# Heat-insulating Glass or not?



## Canadian Lurker (Nov 11, 2006)

Heat-insulating Glass or not?
So, neither the USA nor Canadian detailed spec sheets available on-line indicate clearly one way or the other as to whether or not the Eos comes with this feature.
In the owner's manual, section 3.1 Controls & Equipment, page 68 it has a section on heat-insulating glass. Of course, it has a caveat that the section only applies if so equipped. The implication is that it is just tinted.
I'm looking for clarification because the heat-insulating glass affects reception on things like my highway toll transponder. I'm also considering a portable GPS unit and am wondering how it might be affected.
So, does anyone know how to clearly tell if I have this feature in my Eos or not? And is it also on the sunroof?








Thanks,
JJ


----------



## swordfish1 (Jul 22, 2006)

*Re: Heat-insulating Glass or not? (Canadian Lurker)*

Re: GPS unit
I occasionally use a PDA with TomTom on it. It has no problem getting/keeping the GPS signal. I was slightly worried that it may not work, as it doesn't on one of the other vehicles I drive because of the windshield glass.

As to whether it is heat insulated...no idea sorry.


----------



## bougy (Nov 21, 2006)

*Re: Heat-insulating Glass or not? (swordfish1)*

in europe, you must precise if you want that option or not (200 €) in a winter package I think.
French cars like Renault Espace / Scenic has athermic windscreens, if your GPS is a SIRF Star III chip equipped, It should be OK, with a SIRF Star II chip, you need an external antenna.
Best site is : http://www.gpspassion.com
Bougy


----------



## gilesrulz (Nov 2, 2006)

*Re: Heat-insulating Glass or not? (bougy)*

I'm pretty sure the US version does have the heat insulating glass. I say this for two reasons. First the black speckley bit above the rear-view mirror, which the manual states is for letting certain rf signals out of the car, Second, my cell phone reception in the car is absolutely miserable with the top and windows up, but put either down and it is fine. Well miserable might be overstating it, but the glass represents about 2.5 bars of signal lost.
G


----------



## cb391 (Mar 12, 2006)

*Re: Heat-insulating Glass or not? (Canadian Lurker)*

I don't believe it's available at least in the U.S. If I remember it is called Dammglas. The type/brand of glass should be printed on the windshield. I have a tollway transponder mounted on my windshield and it seems to work normally. Also my cell phone works ok top up or down.


----------



## PanEuropean (Nov 3, 2001)

*Re: Heat-insulating Glass or not? (Canadian Lurker)*

JJ:
About the transponder - my guess is that you are referring to the Highway 407 ETR transponder. I can give you a bit of information from my own experience owning a Phaeton that has infra-red resistant glass, which totally blocks the transponder.

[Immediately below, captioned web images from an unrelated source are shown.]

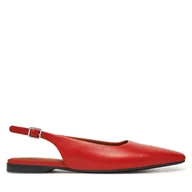 Sandały damskie - Sandały Vagabond Shoemakers Delia 5907-201-48 Czerwony - miniaturka - grafika 1
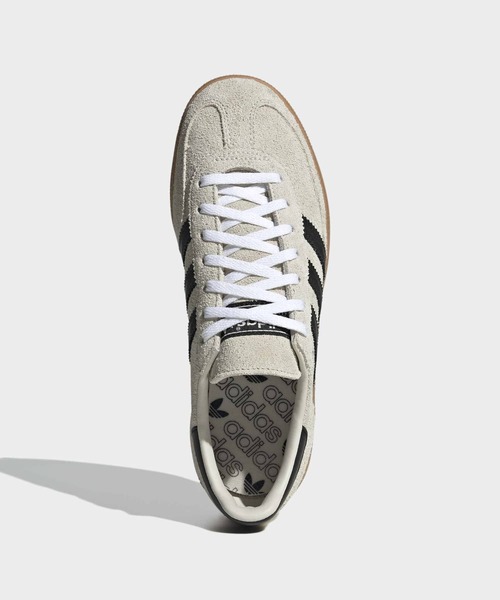 adidas（アディダス）の「ハンドボール スペツィアル / Handball Spezial / アディダスオリジナルス adidas Originals（スニーカー・レディース・ベージュ・22.0cm/22.5cm/23.0cm/23.5cm/24.0cm/24.5cm/25.0cm/25.5cm/26.0cm/26.5cm/27.0cm/27.5cm/28.0cm/28.5cm/29.0cm/29.5cm/30.0cm/31cm）」の3枚目の写真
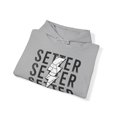 thumbnail image 4 of Setter Volleyball Player Hoodie, Gifts, Hooded Sweatshirt, 4 of 4
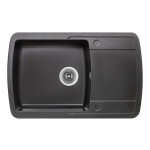 Кухонная мойка Lidz 770х490/200 GRF-13 (LIDZGRF13770490200)
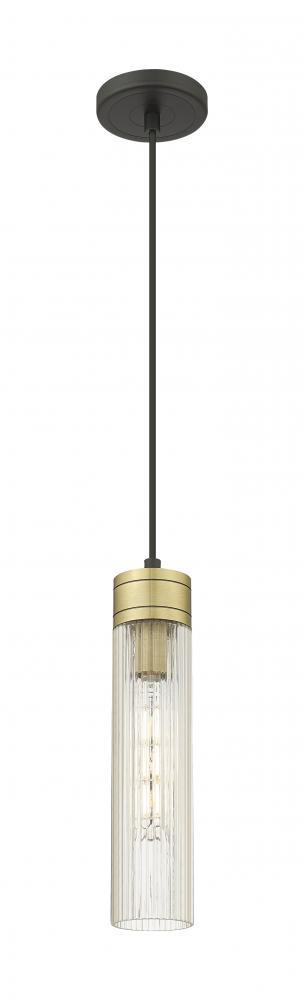 Boreas - 1 Light - 3 inch - Black Antique Brass - Cord Hung - Mini Pendant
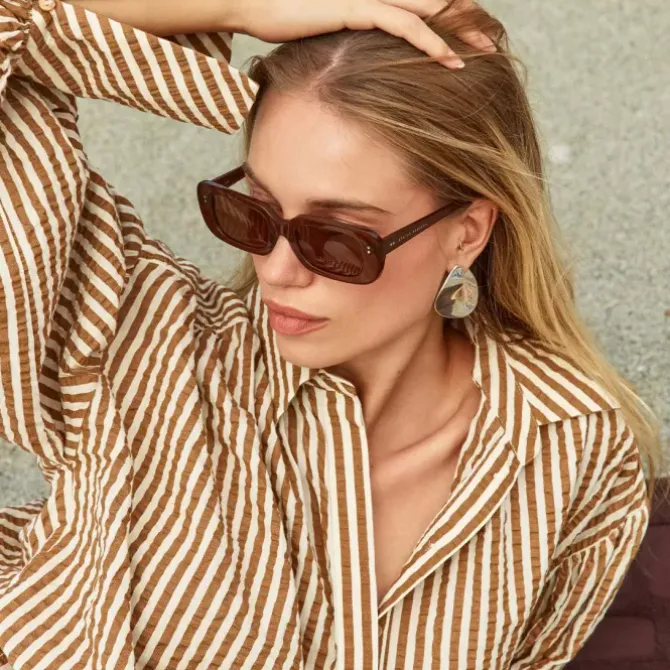 Status Anxiety Eyewear>Solitary - Brown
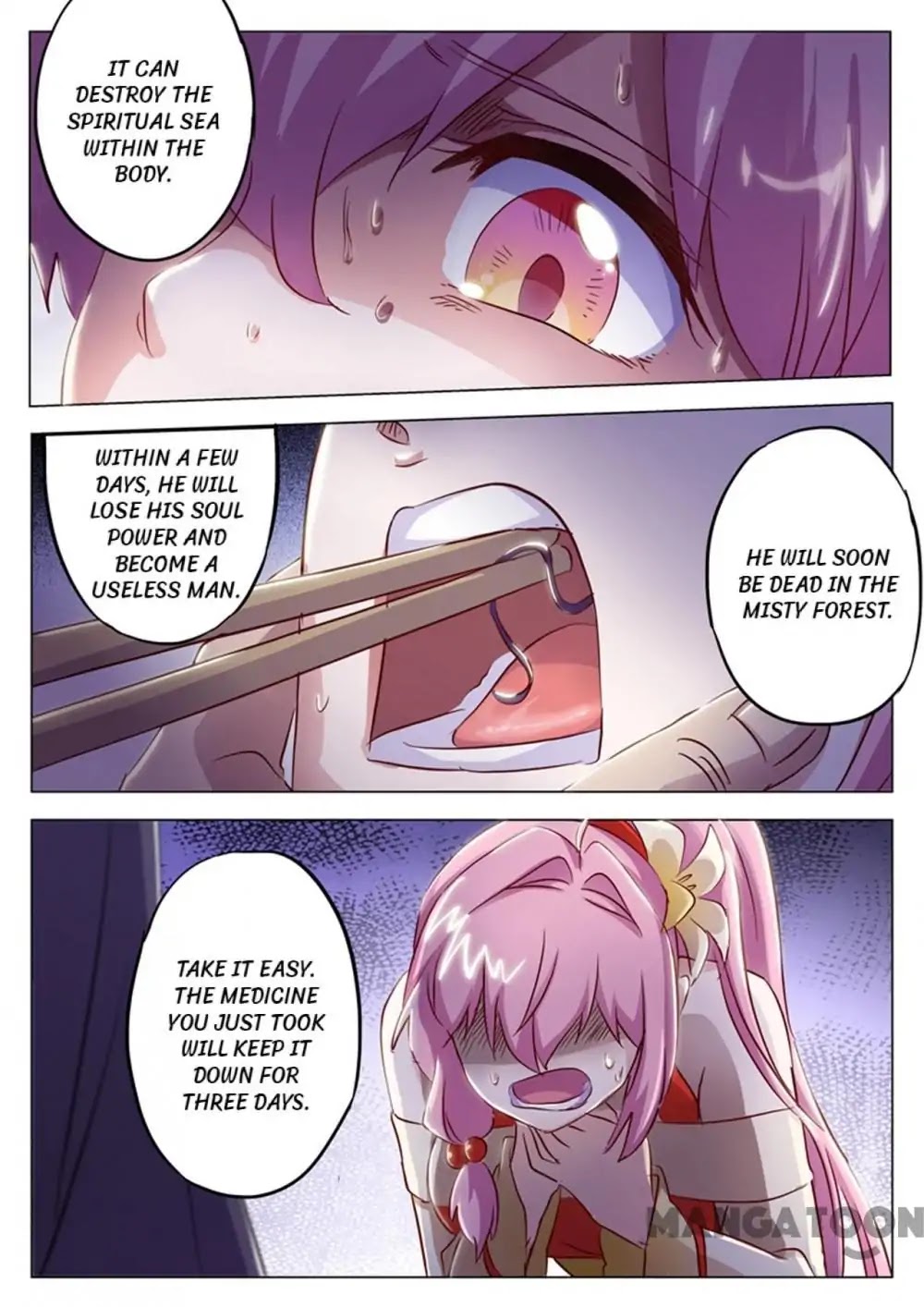 Spirit Sword Sovereign Chapter 156 page 3 - Chapter 156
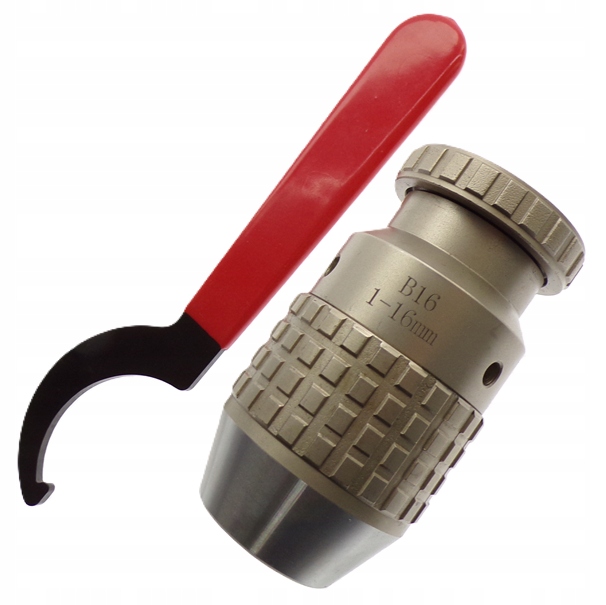 Uchwyt Wiertarski Samozaciskowy Do Wiertarki B16 Do Wierteł 1-16 Typ Ciężki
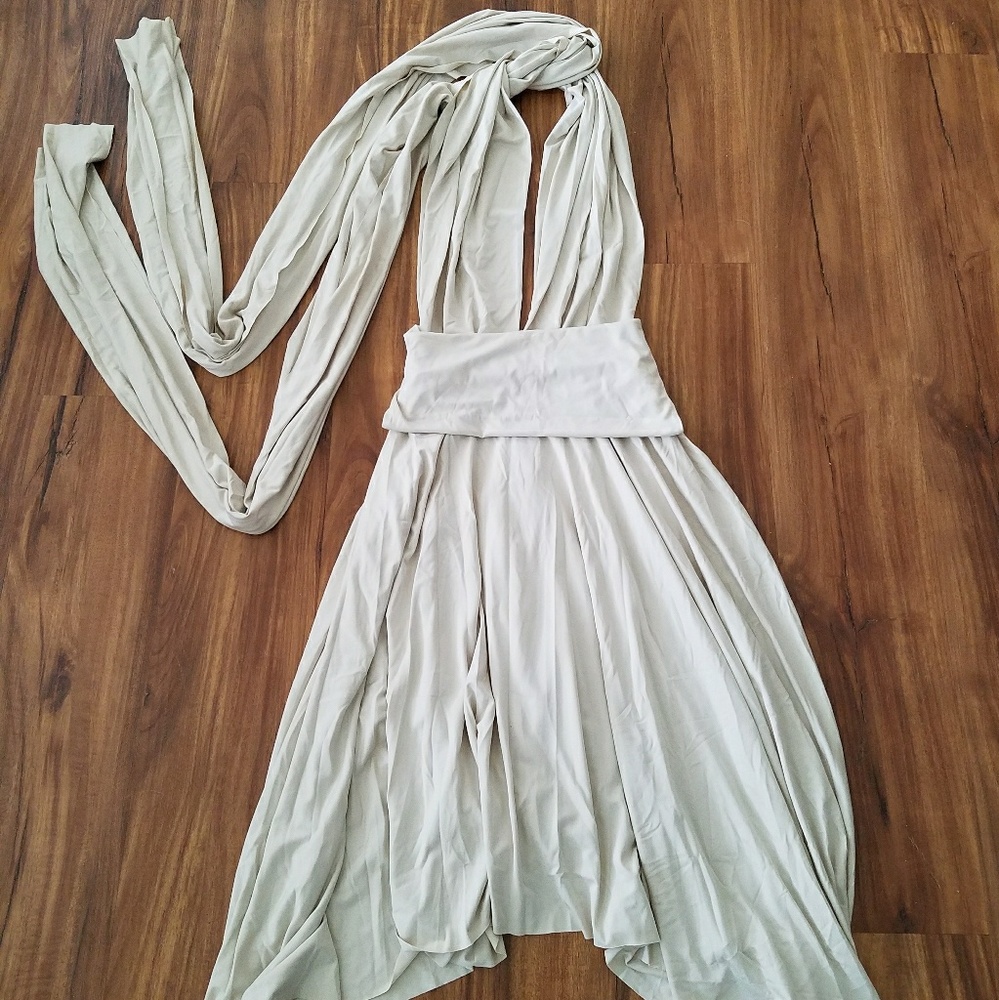 Infinity Wrap Dress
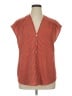 Max Studio Stripes Red Sleeveless Blouse Size XL - photo 1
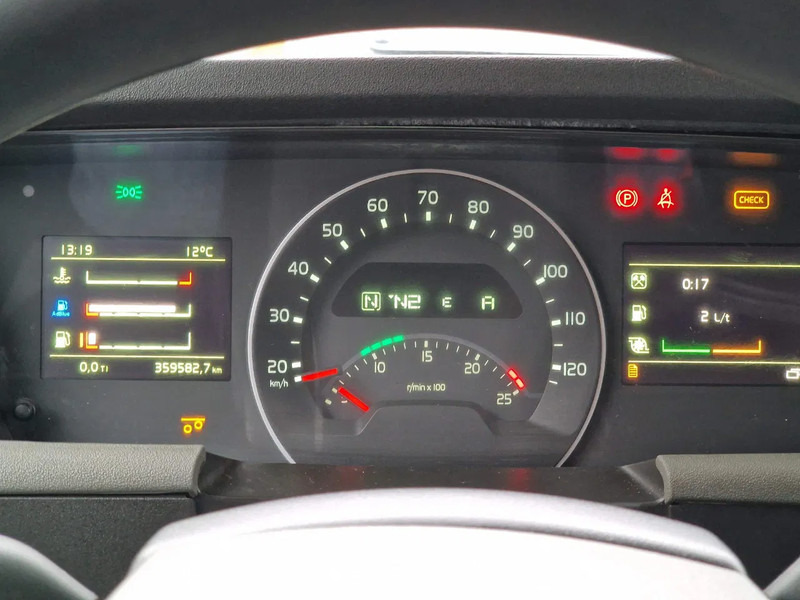 Tractor unit Volvo FH 13.500 6x2 - PTO/Hydraulic - I Save - 3.00 WB - Full air: picture 13 Tractor unit Volvo FH 13.500 6x2 - PTO/Hydraulic - I Save - 3.00 WB - Full air: picture 13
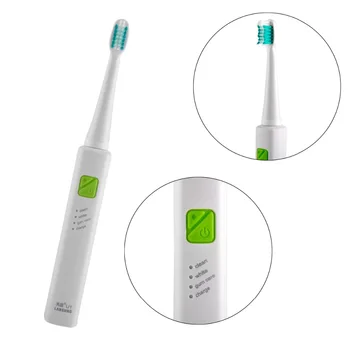 Elektronická zubná Kefka Lansung U1 Ultrazvuková zubná Kefka Elektrická Zubná Kefka Cepillo Zubné Ústnej Hygieny Ultrazvukové Vibrácie USB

Just give the 407 ETR office a phone call and tell them that you have a 'metallized windshield' (that's the phrase that they understand, so use that phrase), and they will put you on a list of customers who have metallized windshields. Once you are on that list, you will not be charged the 'video fee' when you use the 407 and the gantry does not pick up the transponder.
As for the glass itself - VW has several different types of glass. One is called 'heat-blocking glass' (which I suspect is the English language translation of dammglass). Heat blocking glass does not interfere with highway transponders, cell phones, or GPS antennas. Another type of glass is called 'infra-red resistant glass', and this is the glass that totally blocks transponders and GPS units, and substantially handicaps cell phone reception. Infra-red resistant glass is quite expensive - it is a $600 option on the Phaeton, and not offered on any other VW product - so I kind of doubt that the Eos has it. In any case, if you have IR glass (the troublesome stuff) which has a metallic film laminated in between the two panes of glass, it can easily be identified by the presence of the letters 'IR' on the windshield label - see the photos below.
Michael
*Infrared Windshield (standard on NAR W12)*

*Non-infrared Windshield (standard on NAR V8)*

Markings Identifying Infra-red Reflective Glass


----------



## WolfsburgerMitFries (Jul 4, 2005)

*Re: Heat-insulating Glass or not? (PanEuropean)*

I had a conversation with Speedster356 in Greece several months ago about the dämmglas option, and he provided me with a option code of "P28" for what was called "Thermo-Insulated windshield" in his market.
It would be useful to post Eos windshield markings in this thread from different cars around the world for comparative purposes, just like the Phaeton photos above.


----------



## PanEuropean (Nov 3, 2001)

*Re: Heat-insulating Glass or not? (WolfsburgerMitFries)*

The European parts catalog lists two different types of windshields for an Eos:
PR (Production Code) *4GF* - described as 'windshield, green, heat insulating glass', and;
PR *4GY* - described as 'windshield, clear, laminated with metal layer'
So, it looks like a metallized windshield does exist for the Eos. Whether it is available in North America or not I do not know. Some (not all) production codes appear on the sticker that is in the front of the owner manual and also in the spare tire well. For more information about production codes (generic, not Eos specific), see this post: Understanding Production Codes & Build Stickers.
Michael


----------



## gilesrulz (Nov 2, 2006)

*Re: Heat-insulating Glass or not? (PanEuropean)*


_Quote, originally posted by *PanEuropean* »_
The European parts catalog lists two different types of windshields for an Eos:
PR (Production Code) *4GF* - described as 'windshield, green, heat insulating glass', and;
PR *4GY* - described as 'windshield, clear, laminated with metal layer'

I looked at my windshield earlier and it did not have the IR marking your pheaton has, and my manual also does not have either of the above codes. The manual describes the area by saying "The windshield of heat-insulating glass has an uncoated area just above the inside rear-view mirror. This serves as a communications window through which signals to and from electronic componenets and accessories can be transmitted" (pg 68 booklet 3.1) and indicates, in an illustration, the black speckled area above the rear-view mirror.
I will say that the windshield could in no way be described as green, and that it seems to cause different reactions in my Transitions lenses (UV reactive lenses for glasses) than my 04 Jetta, allowing them to react more than that windshield did. I have not tried my toll-booth transponder in the car yet, but I have previously noted the effect the glass has on my cell phone (Cingular).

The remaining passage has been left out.